Güncelleme Tarihi:
Yarın Roma’ya gidiyorsunuz. Bizler sizin hep İtalya’ya tatile, kafa dinlemeye gittiğinizi sanıyoruz. Öyle mi?
- Yok, tatil değil. İtalya’da işler devam ediyor. Roma’da tabii ki kafa dinliyorum; çocuklarla birlikte. Ama elbette orada da bir hayatım, sürekli yapmam gereken şeyler var.
Mesela?
- Çocuklarla ilgili şeyler... Okuldan sonraki aktiviteleri, evdeki işler, şu-bu derken orada da bir rutinimiz var. Bu aralar bir yandan da bir iş projesiyle ilgili çalışıyorum.
İstanbul ve Roma’daki rutin farklı mı, benzer mi?
- Farklı tabii, çünkü mekanlar farklı. Roma’da daha insani mesafeler ve tavırlar var. Orada da çok çalışıyorum.
“Unutursam Fısılda”, Çağan Irmak’la ilk filminizdi. Nasıl bir deneyim oldu?

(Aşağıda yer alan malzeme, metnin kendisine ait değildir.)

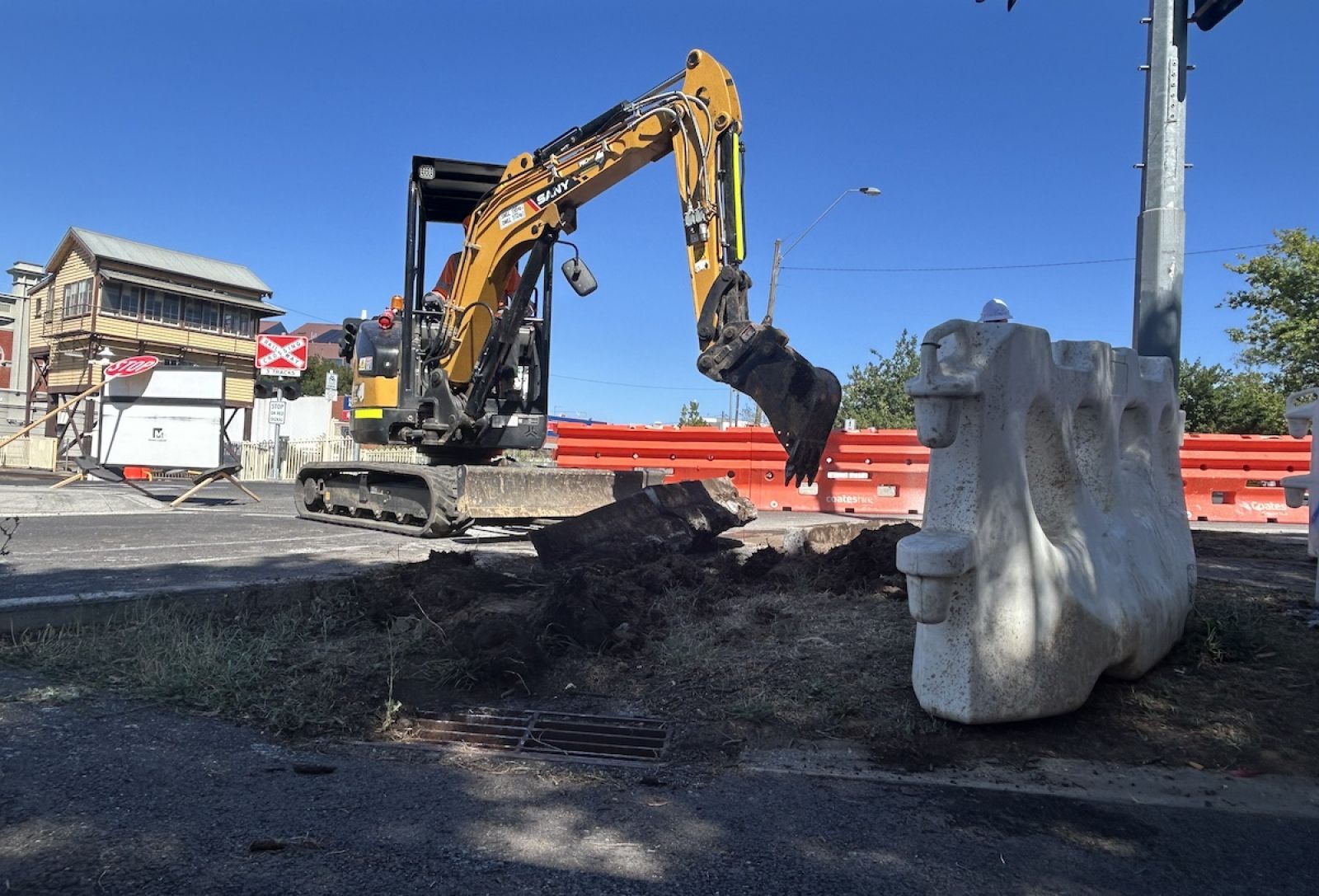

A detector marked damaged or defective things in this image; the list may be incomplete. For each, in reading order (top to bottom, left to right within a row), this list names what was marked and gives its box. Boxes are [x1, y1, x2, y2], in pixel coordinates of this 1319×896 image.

broken concrete slab [524, 475, 752, 567]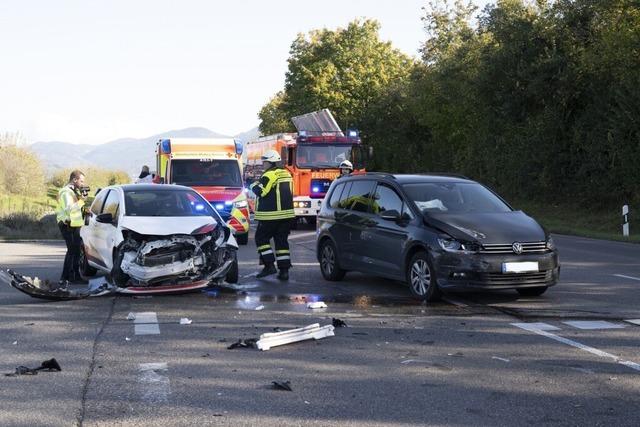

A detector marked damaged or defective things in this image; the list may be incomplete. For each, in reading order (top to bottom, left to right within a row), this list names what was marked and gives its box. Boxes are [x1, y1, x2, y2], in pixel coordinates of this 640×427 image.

damaged white car [75, 186, 238, 296]
broken car part [255, 324, 336, 352]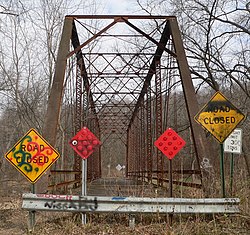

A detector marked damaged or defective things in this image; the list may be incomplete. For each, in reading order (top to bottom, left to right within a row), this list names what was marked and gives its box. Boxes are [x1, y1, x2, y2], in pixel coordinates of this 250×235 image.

rusty truss bridge [41, 15, 213, 195]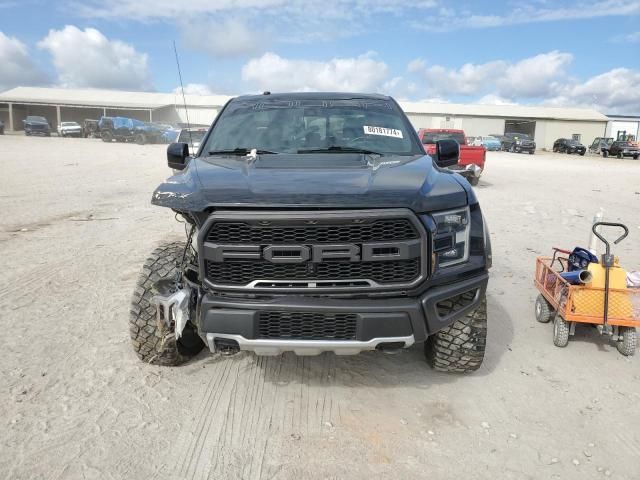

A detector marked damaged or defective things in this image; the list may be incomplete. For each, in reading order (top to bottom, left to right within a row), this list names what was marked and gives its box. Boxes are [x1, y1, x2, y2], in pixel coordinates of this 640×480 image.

broken headlight [430, 206, 470, 266]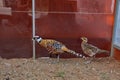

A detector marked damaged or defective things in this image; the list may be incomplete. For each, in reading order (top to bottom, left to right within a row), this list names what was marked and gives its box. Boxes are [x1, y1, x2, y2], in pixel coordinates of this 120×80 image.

rusty metal wall [0, 0, 114, 57]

- Evet ilk filmimiz. Çağan’la çalışmak çok keyifliydi, çünkü çok rahat bir insan, ne istediğini biliyor ve oyuncusuna çok güveniyor; belki de bizim kendimize güvendiğimizden daha fazla. Biz “oldu mu, olmadı mı” diye ondan daha endişeliydik. Çağan’ın bu tavrı tabii ki sonuca da olumlu yansıyor.

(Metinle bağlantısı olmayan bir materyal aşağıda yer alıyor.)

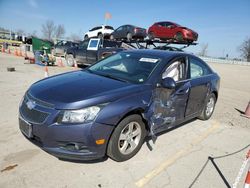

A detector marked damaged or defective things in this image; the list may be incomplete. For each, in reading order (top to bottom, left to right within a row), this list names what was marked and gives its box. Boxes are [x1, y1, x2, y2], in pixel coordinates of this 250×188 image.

damaged blue car [18, 49, 220, 162]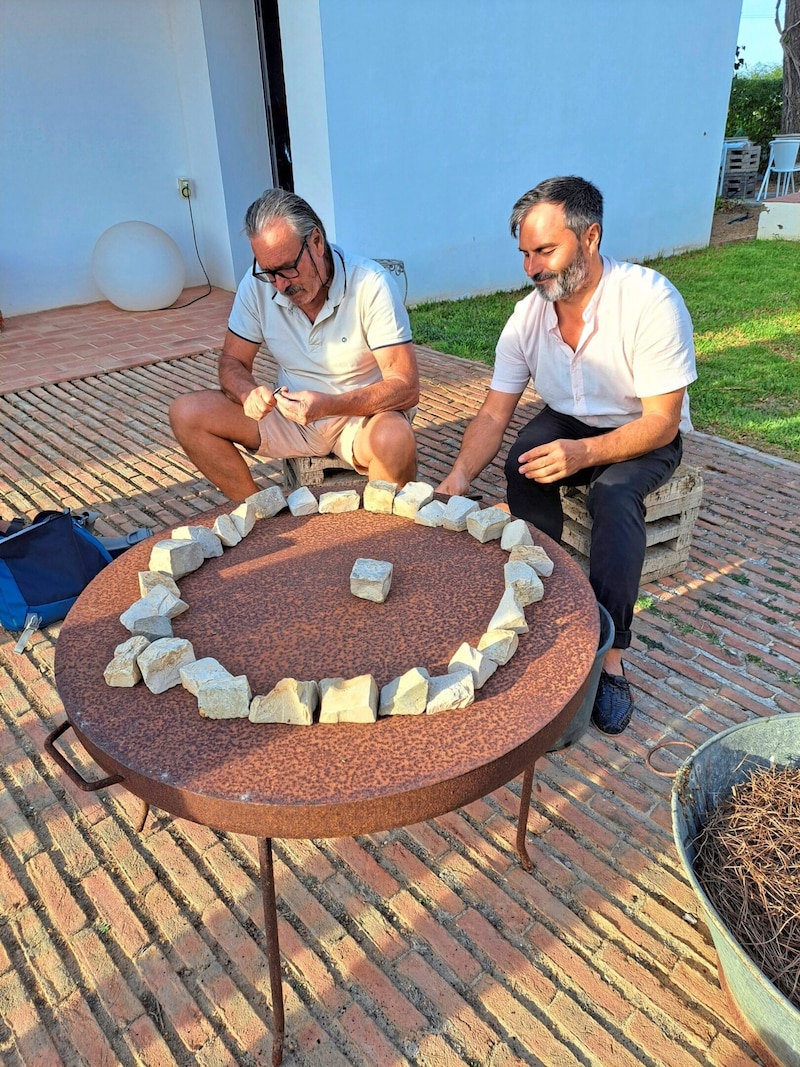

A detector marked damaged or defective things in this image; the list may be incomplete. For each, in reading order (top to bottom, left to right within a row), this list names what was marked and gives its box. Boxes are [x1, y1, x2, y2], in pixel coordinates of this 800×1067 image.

rusty patina tabletop [50, 494, 596, 1056]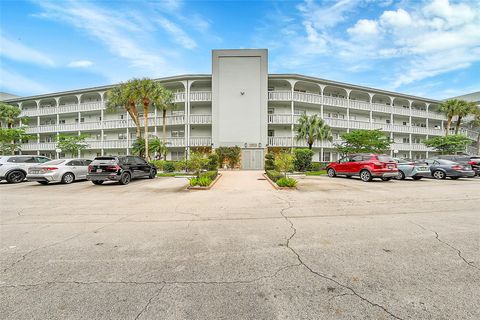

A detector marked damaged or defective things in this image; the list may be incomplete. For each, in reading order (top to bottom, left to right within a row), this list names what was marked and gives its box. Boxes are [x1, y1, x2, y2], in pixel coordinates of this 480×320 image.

cracked asphalt [0, 174, 480, 318]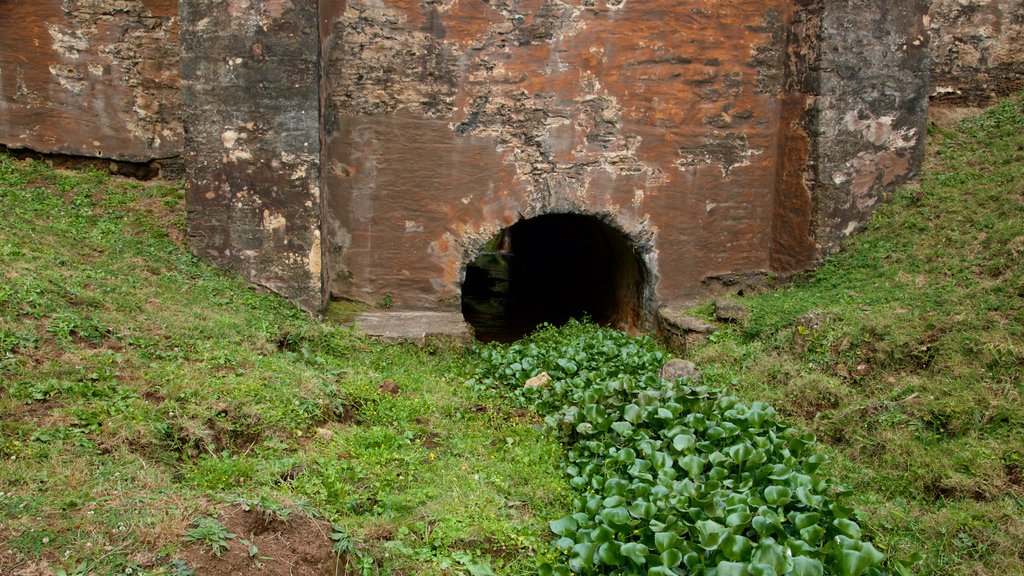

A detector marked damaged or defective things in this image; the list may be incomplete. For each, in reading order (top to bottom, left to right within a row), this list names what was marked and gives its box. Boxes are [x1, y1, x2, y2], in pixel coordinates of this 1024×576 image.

rust-stained stonework [2, 1, 1016, 328]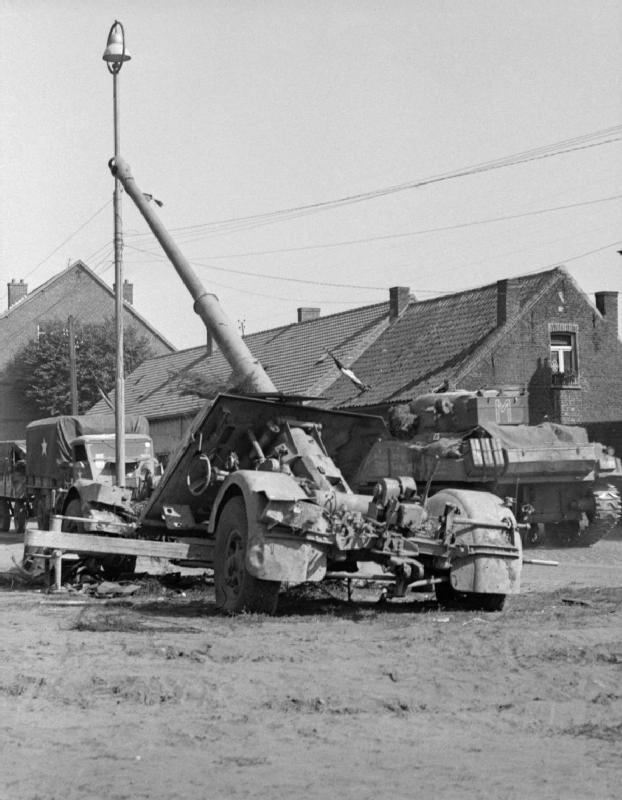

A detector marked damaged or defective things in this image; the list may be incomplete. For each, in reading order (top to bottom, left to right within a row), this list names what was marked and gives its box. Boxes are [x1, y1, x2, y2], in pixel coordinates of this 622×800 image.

wrecked anti-aircraft gun [96, 158, 528, 620]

CANLANDIRDIĞIM HER KARAKTER BENİM ÇOCUĞUM
Çağan Irmak’la önceden tanışıyor muydunuz? Neden bugüne kadar aynı filmde denk gelmediniz?
- Tanışıyorduk. Çağan’la tanışmamız, o ilk filmini çekmeden önceydi. Hazırlık aşamasında tanıştık ve hatta film hakkında da konuştuk ama aynı projede buluşmamız ancak şimdi olabildi. Yoksa ne zaman bir araya gelsek “Bir gün birlikte çalışacak mıyız?” gibi konuşmalar elbet geçiyordu. Yani illa olsun diye odaklanmadık ama ikimiz de bu konuda istekliydik. Galiba bunun için uygun zamanı bekliyorduk.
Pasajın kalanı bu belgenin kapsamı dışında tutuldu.